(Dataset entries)
━━━

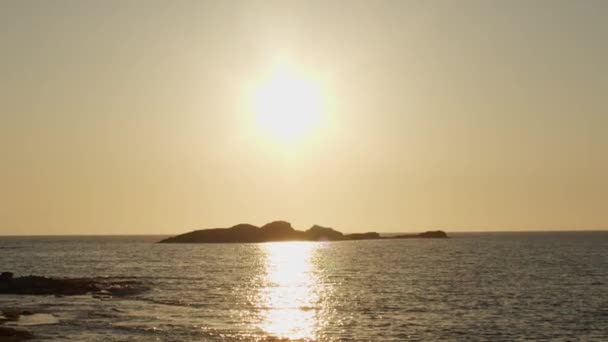 Breve Clip Del Tramonto Vicino Mare Con Una Piccola Isola — Video Stock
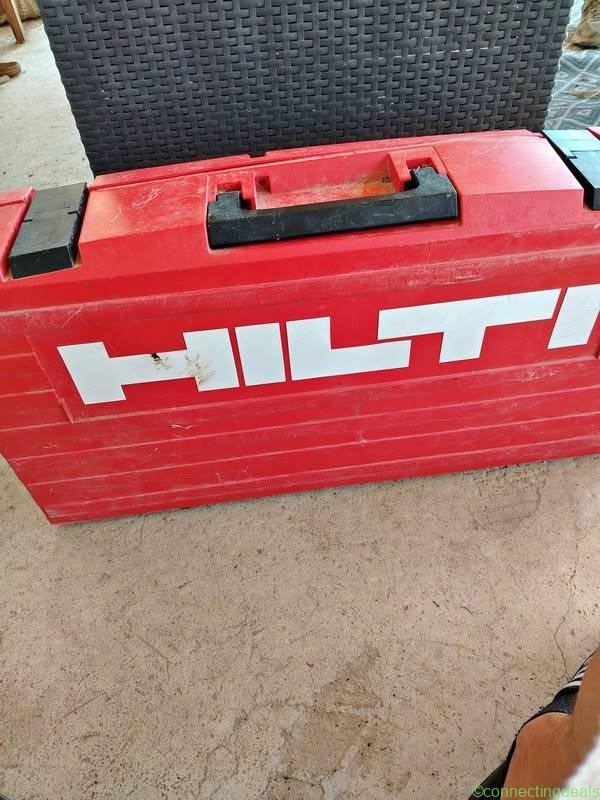 Vend machine HILTI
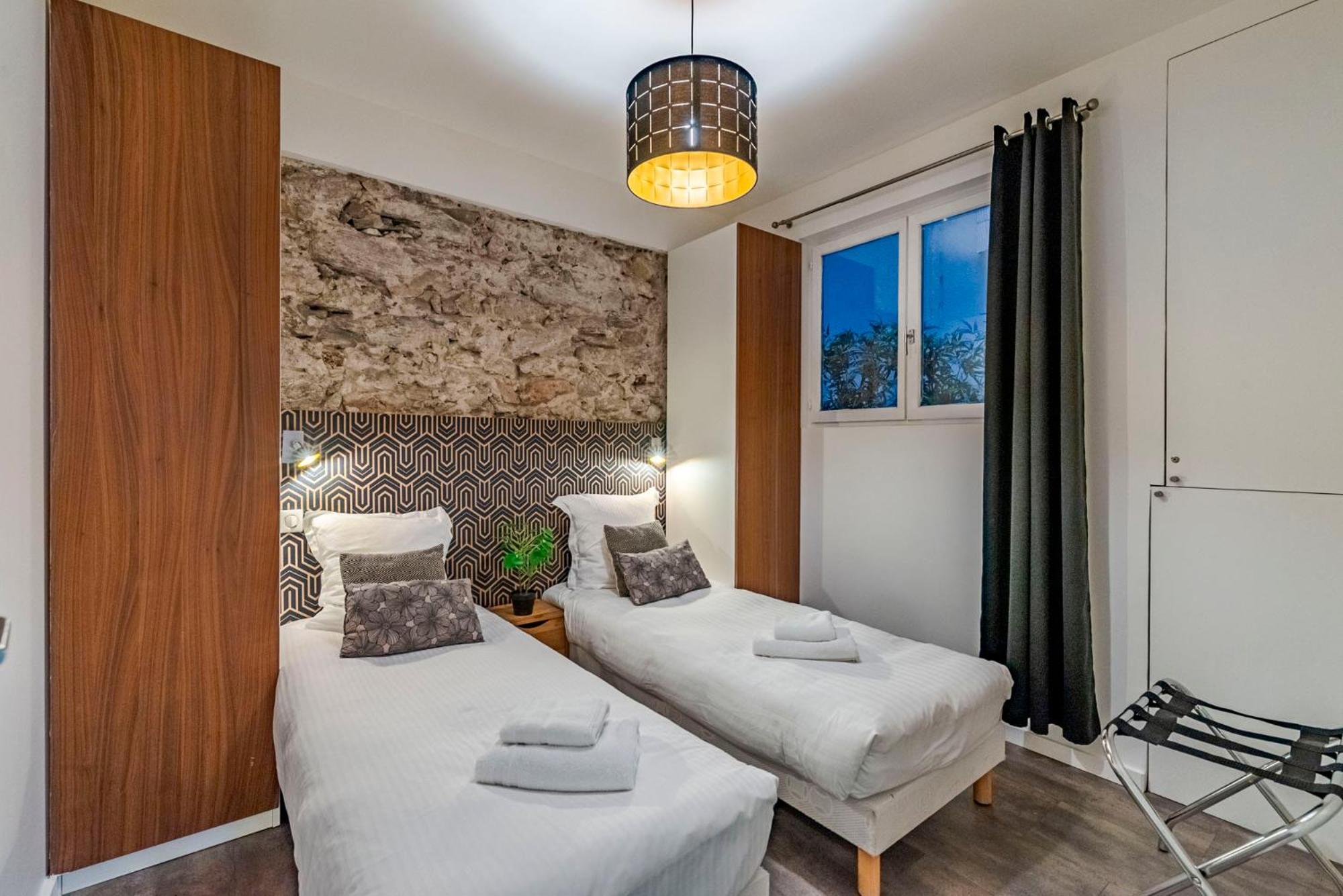 Luxury Family 2Br - Prime Location, Walk To Beach & Shopping, Sunny Balcony - Totolulu Cannes Hoche Ngoại thất bức ảnh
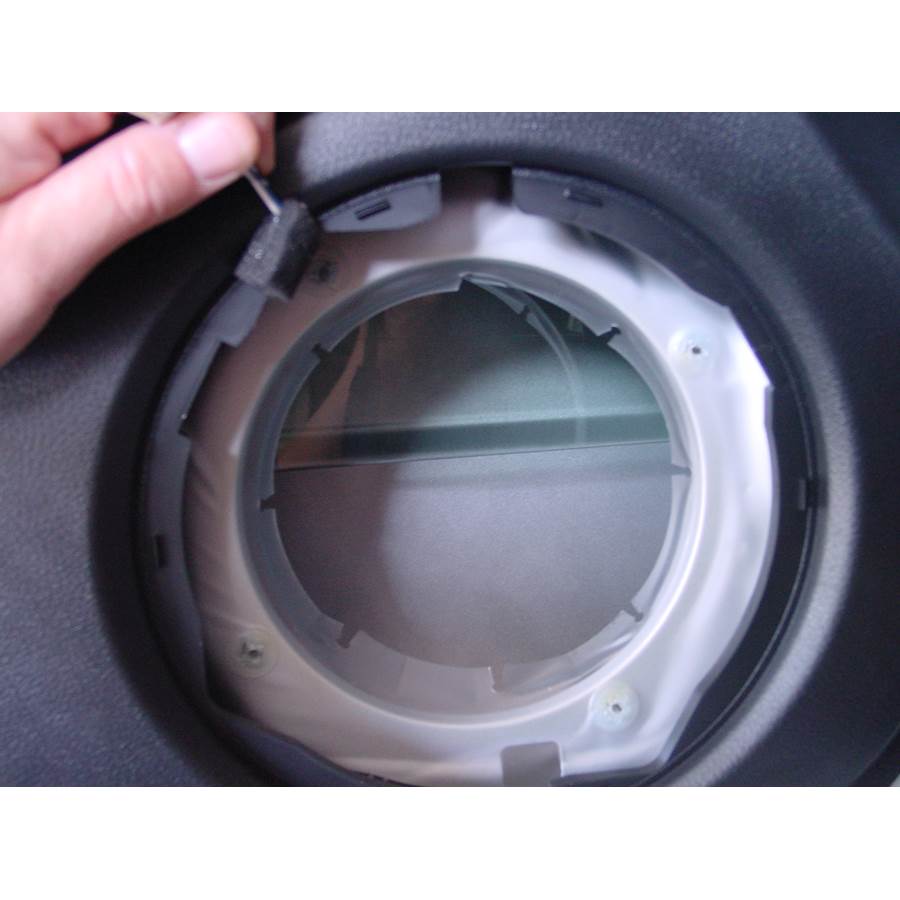 2006 Mitsubishi Outlander Front speaker removed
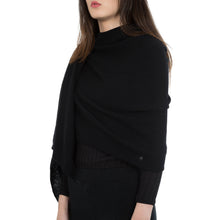 Load image into Gallery viewer, Benny - Classic cashmere blend wrap
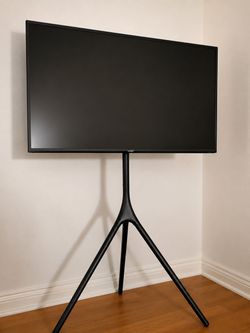 43” VIZIO Smart TV + Modern Tripod Stand
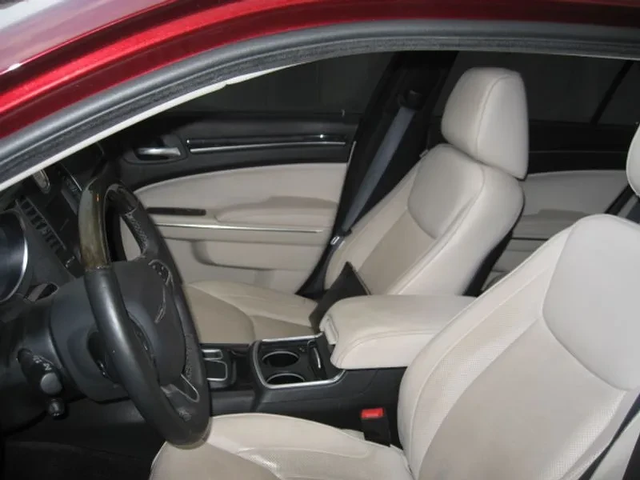 Chrysler 300c 3.6 Prestige - автомобили, коли, обяви за нови и употребявани 6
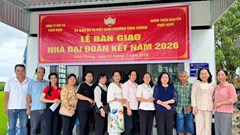 Bàn giao nhà Đại đoàn kết cho hộ có hoàn cảnh đặc biệt khó khăn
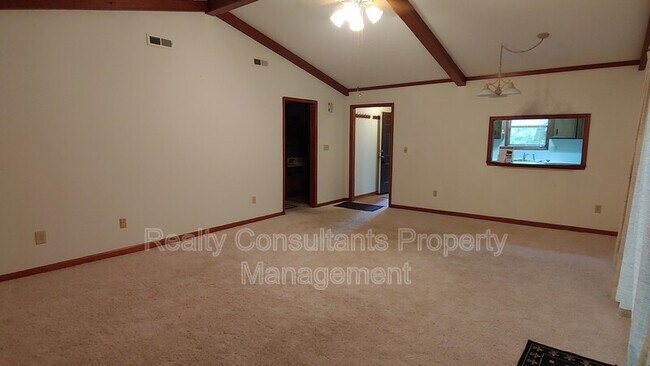 Building Photo - 302 Aspen Ct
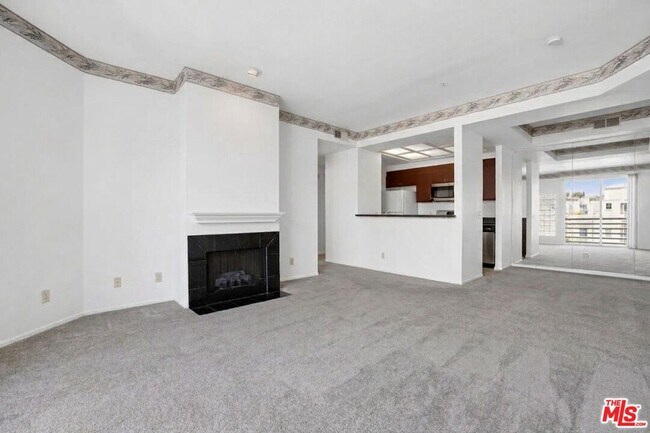 Building Photo - 3561 Clarington Ave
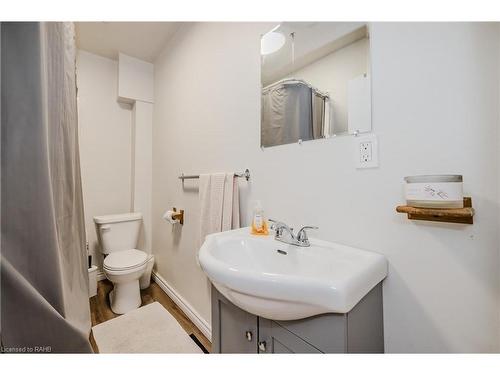 80 East 33Rd Street, Hamilton, ON - Indoor Photo Showing Bathroom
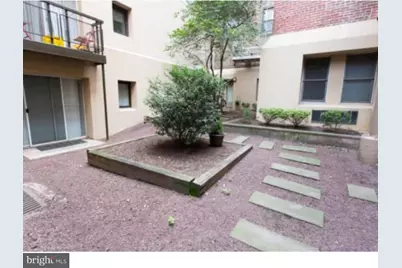 130-1 Arch Street #305, Philadelphia, PA 19106 - Photo 3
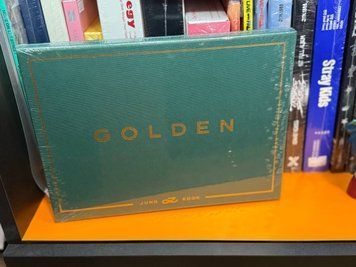 Альбом Jungkook (BTS) &ndash; SHINE ver. GOLDEN BTS фото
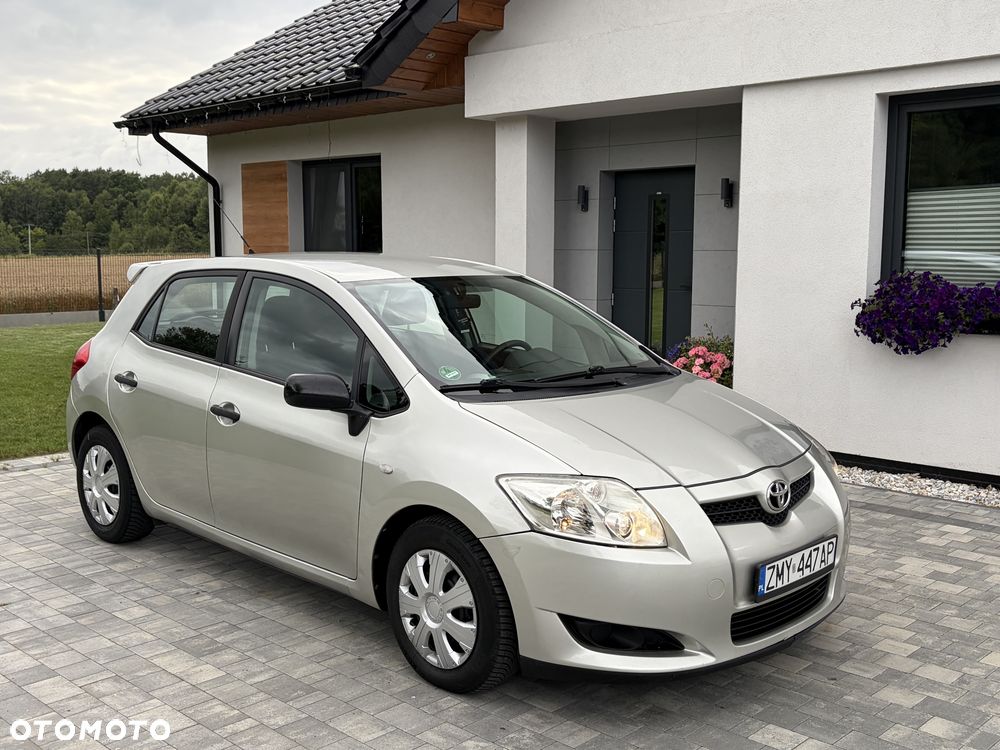 Toyota Auris - 1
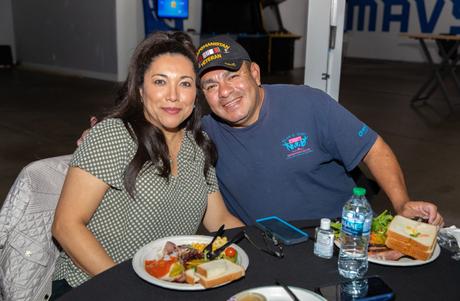 L’entraîneur de Mavs Gaming LT Fairley, un vétéran de la Marine, se connecte avec des guerriers blessés par amour pour les jeux vidéo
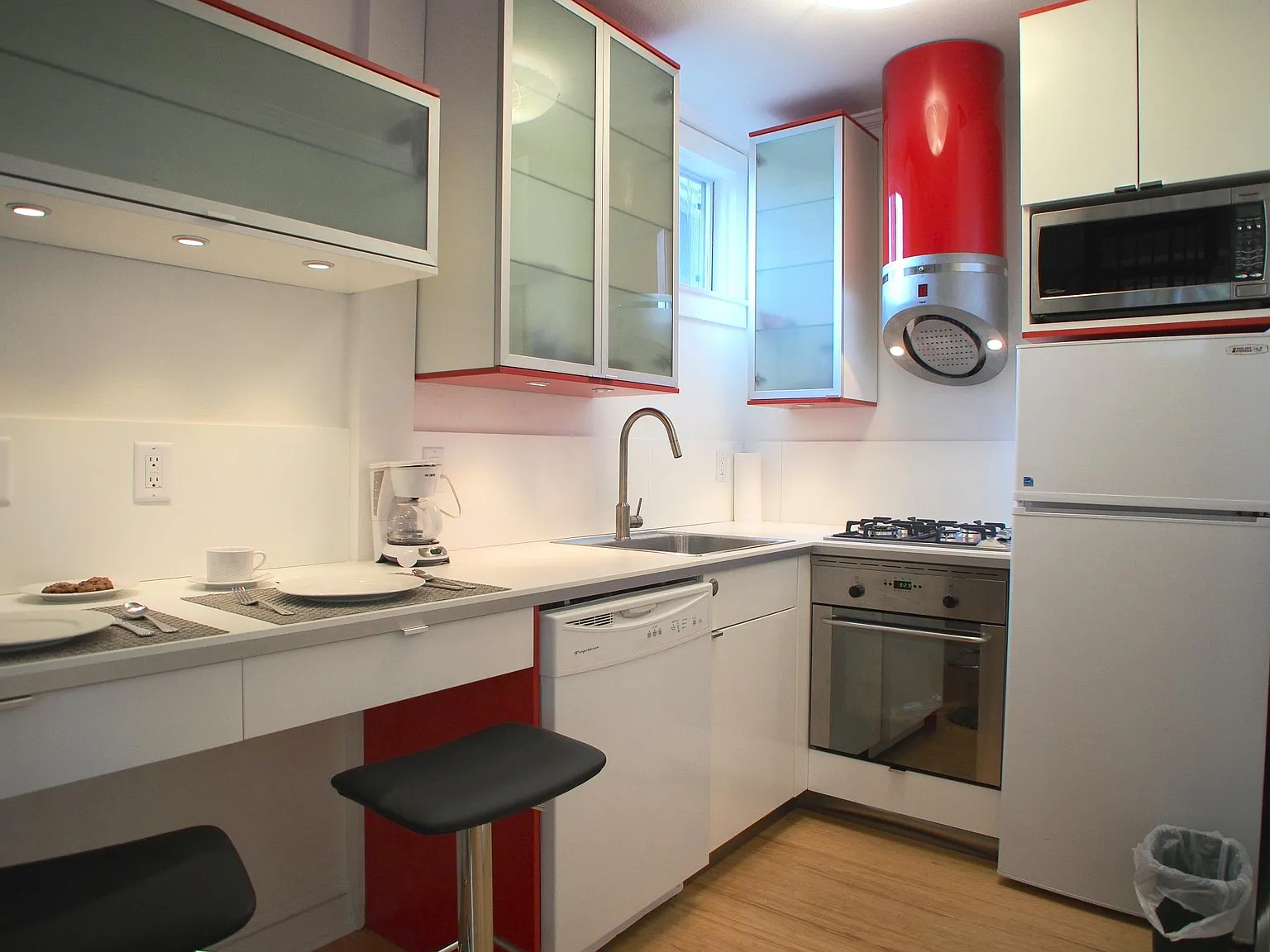 1 bed, 500 sqft, $1,350 — Photo 1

━━━

* About this task: Would you mind returning each entry above word for word, skipping the images?

* Exercise response:
 Breve Clip Del Tramonto Vicino Mare Con Una Piccola Isola — Video Stock
 Vend machine HILTI
 Luxury Family 2Br - Prime Location, Walk To Beach & Shopping, Sunny Balcony - Totolulu Cannes Hoche Ngoại thất bức ảnh
 2006 Mitsubishi Outlander Front speaker removed
 Load image into Gallery viewer, Benny - Classic cashmere blend wrap
 43” VIZIO Smart TV + Modern Tripod Stand
 Chrysler 300c 3.6 Prestige - автомобили, коли, обяви за нови и употребявани 6
 Bàn giao nhà Đại đoàn kết cho hộ có hoàn cảnh đặc biệt khó khăn
 Building Photo - 302 Aspen Ct
 Building Photo - 3561 Clarington Ave
 80 East 33Rd Street, Hamilton, ON - Indoor Photo Showing Bathroom
 130-1 Arch Street #305, Philadelphia, PA 19106 - Photo 3
 Альбом Jungkook (BTS) &ndash; SHINE ver. GOLDEN BTS фото
 Toyota Auris - 1
 L’entraîneur de Mavs Gaming LT Fairley, un vétéran de la Marine, se connecte avec des guerriers blessés par amour pour les jeux vidéo
 1 bed, 500 sqft, $1,350 — Photo 1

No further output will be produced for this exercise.